**How to complete this task**
What I need is an exact repeat of the lines from the one with "El Ibex 35 cierra" through the end of the listing below. Leave out every picture.

**Recorded data**

================

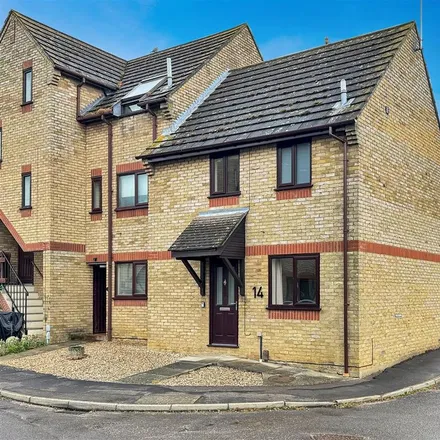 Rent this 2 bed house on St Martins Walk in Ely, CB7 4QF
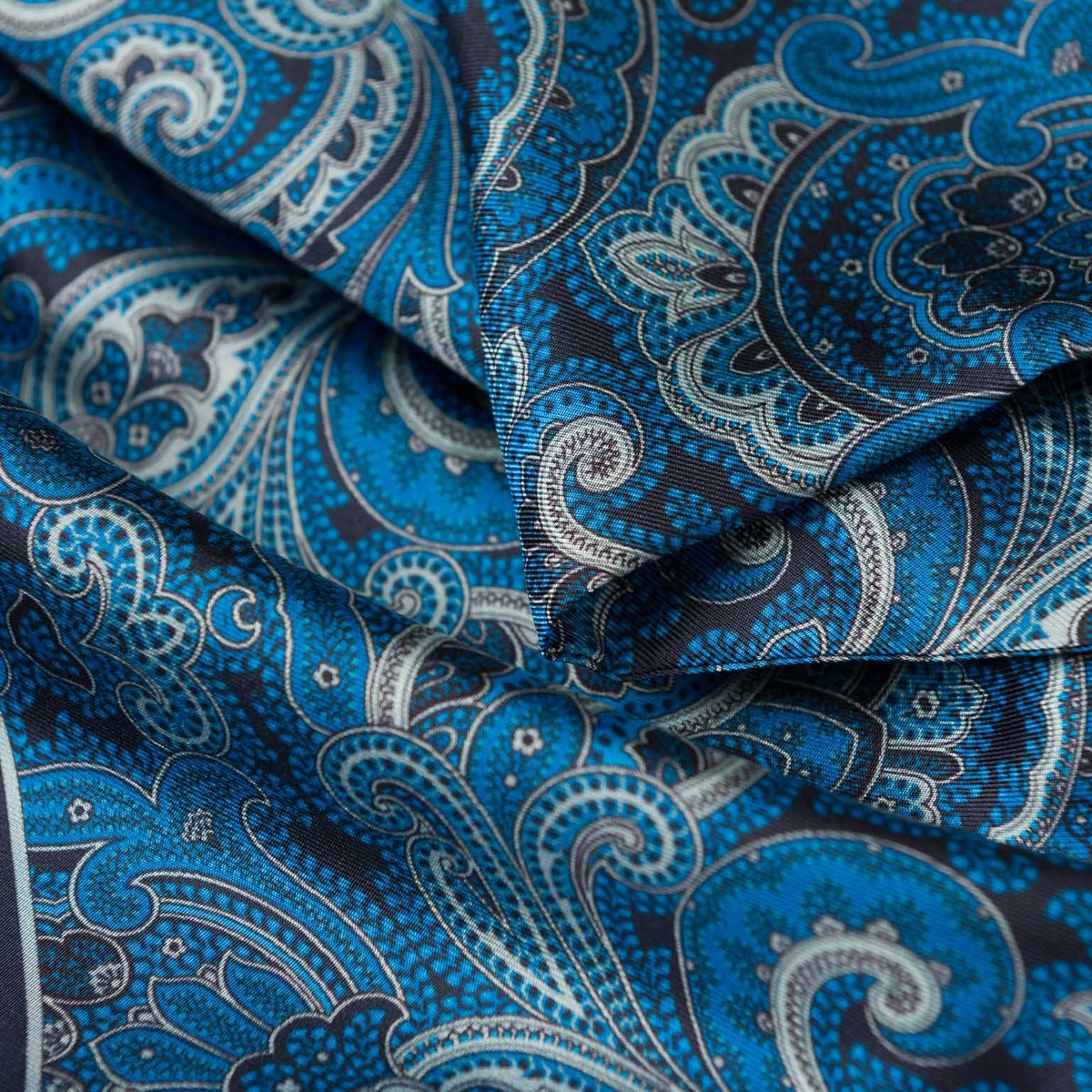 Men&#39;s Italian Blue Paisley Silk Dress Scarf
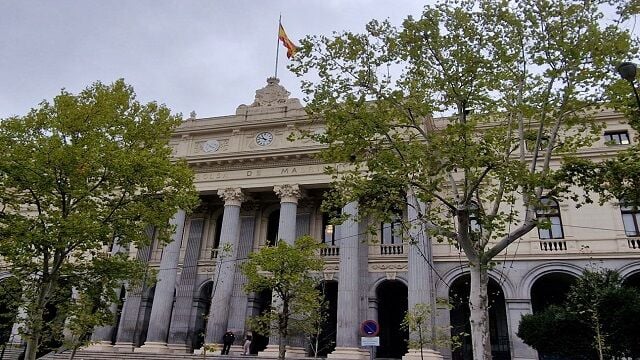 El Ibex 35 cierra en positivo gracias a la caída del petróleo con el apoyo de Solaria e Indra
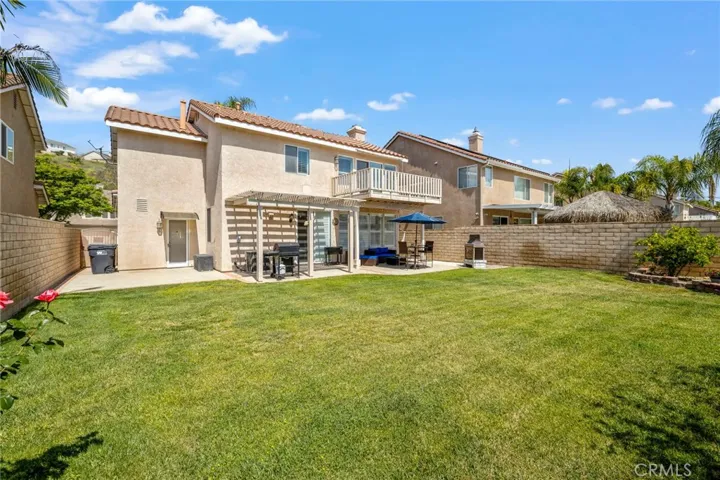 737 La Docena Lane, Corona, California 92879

================

**Result for this exercise**
 El Ibex 35 cierra en positivo gracias a la caída del petróleo con el apoyo de Solaria e Indra
 737 La Docena Lane, Corona, California 92879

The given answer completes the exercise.